Antifreeze Poisoning In Pets – Symptoms & Prevention

Antifreeze - The Fatal Toxin

Antifreeze contains 95% ethylene glycol, a deadly substance for animals. It is sweet, tasty, and seen as a source of energy to our pets. Given a chance, they will consume it in large quantities. Without rapid veterinary treatment, this toxin will be fatal. 

With winter around the corner, we need to be especially wary as the use of antifreeze is more prevalent, particularly in urban areas where there is a higher volume of vehicles. It can leach from cars into puddles.

Other products also contain this deadly substance such as some wood varnishes, ink cartridges, paint, and tile adhesive albeit in much lower percentages but should never be ignored if ingested or contacted topically. 

Ingesting as little as a ¼ of a teaspoon per kg of body weight can cause toxic signs. Although it is not well absorbed through the skin, topical contact causing fatality has been reported in cats. 

Top tip: if your pet does get something concerning on their coat, wash thoroughly with washing-up liquid prior to heading to the vet. This form of decontamination can increase their survival rate.

The minimal lethal amount is approximately 4-7mls per kg of body weight for dogs and just 1.4mls per kg for cats, therefore it really doesn’t take a lot to cause death. It is rapidly absorbed post ingestion and distributed around the body. Clinical signs can be seen within minutes; however, it can be delayed if your pet has recently eaten as food slows the absorption. 

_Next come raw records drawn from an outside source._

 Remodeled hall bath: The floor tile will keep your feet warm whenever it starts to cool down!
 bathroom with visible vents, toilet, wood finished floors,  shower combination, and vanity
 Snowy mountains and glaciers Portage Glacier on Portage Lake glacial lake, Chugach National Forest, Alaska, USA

Symptoms change and worsen over a 3-day period, left untreated your pet will die. Most animals will not survive past 24 hours, especially cats. Sometimes they can appear to look better, but do not be fooled by any improvement, the kidneys will fail to head for an extremely poor prognosis.

What are the signs?

  • Vomiting, maybe profuse
  • Anorexia (not wanting to eat)
  • Salivating
  • Ulcers maybe seen inside the mouth
  • Looking drunk when walking, known as ataxia
  • Depressed
  • Polydipsia which is an increased thirst
  • Hypothermic so body temperature drops below 37.5°C (normal temperature for dogs and cats is 37.5-39.2°C)
  • A fast heart rate known as tachycardia
  • Rapid abnormal breathing rate known as tachypnoea 
  • Early on you may see an increased urine production but within hours this will lead to decreased urine production then a complete lack
  • Abdominal pain
  • Seizures and tremors
  • Coma

This toxin affects the animal’s neurologic, digestive, urinary, and cardiac systems, making it so deadly.

What is the treatment?

Your vet may make your pet sick (known as emesis) if seen post-ingestion rapidly, however, this is very risky as the animal can inhale the vomitus known as aspiration. This will complicate things for this toxin further. Emesis is a common approach for many other toxins, however. Never be tempted to make your pet sick at home.

Charcoal is commonly used to ‘’mop up’’ any remaining toxin and is commonly given orally to many pets after emesis, however it is not useful for ethylene glycol cases. 

Fomepizole is the antidote of choice but isn’t always readily available. For a good prognosis, it needs to be administered by your vet within 5 hours ideally but a maximum of 12 hours for dogs with the prognosis becoming poorer with time. For cats it needs to be given within 3 hours, otherwise the toxin is very likely to cause fatality. Of course, you may not even be aware your pet has ingested it, especially with cats who go outside. 

An alternative to Fomepizole is the use of intravenous vodka or potentially another clear alcohol. It can be administered to both cats and dogs to block the effects of ethylene glycol, and if given early on can be a lifesaver. Your vet will also monitor and manage your pet’s glucose levels, use gastric protectants, administer oxygen, and possibly pain relief.

Treatment is intense and your pet will be required to remain in hospital for a few days.

How can you minimise exposure?

This is easier for dogs compared with cats who independently go outside. Prevent your dog from sniffing around garages, cars, and driveways especially if you see any suspicious drips of fluid. Mop up any spillages and regularly check your car radiator for leaks. Keep bottles out of reach and tightly sealed.

Use propylene glycol-based antifreeze products instead. It is much less toxic to your pet, and less desirable to them. This would be a much safer alternative. If we all switched to this, we would see far fewer intoxications.